:: Data excerpts ::
►

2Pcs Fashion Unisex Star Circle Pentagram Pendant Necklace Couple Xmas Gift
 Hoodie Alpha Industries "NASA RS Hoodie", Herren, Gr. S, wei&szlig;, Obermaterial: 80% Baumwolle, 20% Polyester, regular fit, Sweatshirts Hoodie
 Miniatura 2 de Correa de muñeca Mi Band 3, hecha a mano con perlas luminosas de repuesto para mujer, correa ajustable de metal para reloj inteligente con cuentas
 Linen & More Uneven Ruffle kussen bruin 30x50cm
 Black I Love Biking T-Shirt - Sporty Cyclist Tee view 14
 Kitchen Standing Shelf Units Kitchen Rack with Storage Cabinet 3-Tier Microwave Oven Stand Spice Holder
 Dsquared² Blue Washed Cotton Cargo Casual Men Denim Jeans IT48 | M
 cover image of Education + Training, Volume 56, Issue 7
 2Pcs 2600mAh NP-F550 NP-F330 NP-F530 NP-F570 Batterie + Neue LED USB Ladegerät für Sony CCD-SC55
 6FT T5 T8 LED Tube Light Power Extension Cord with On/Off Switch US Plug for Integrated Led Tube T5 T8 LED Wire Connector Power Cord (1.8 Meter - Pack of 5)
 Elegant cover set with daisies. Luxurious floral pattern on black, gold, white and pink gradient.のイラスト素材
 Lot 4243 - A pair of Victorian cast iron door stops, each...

◄

:: Work required ::
All lines in the listing above from the line containing "Hoodie Alpha Industries" to the line containing "cover image of", inclusive, should be retyped exactly; no other lines should appear.

:: Task output ::
 Hoodie Alpha Industries "NASA RS Hoodie", Herren, Gr. S, wei&szlig;, Obermaterial: 80% Baumwolle, 20% Polyester, regular fit, Sweatshirts Hoodie
 Miniatura 2 de Correa de muñeca Mi Band 3, hecha a mano con perlas luminosas de repuesto para mujer, correa ajustable de metal para reloj inteligente con cuentas
 Linen & More Uneven Ruffle kussen bruin 30x50cm
 Black I Love Biking T-Shirt - Sporty Cyclist Tee view 14
 Kitchen Standing Shelf Units Kitchen Rack with Storage Cabinet 3-Tier Microwave Oven Stand Spice Holder
 Dsquared² Blue Washed Cotton Cargo Casual Men Denim Jeans IT48 | M
 cover image of Education + Training, Volume 56, Issue 7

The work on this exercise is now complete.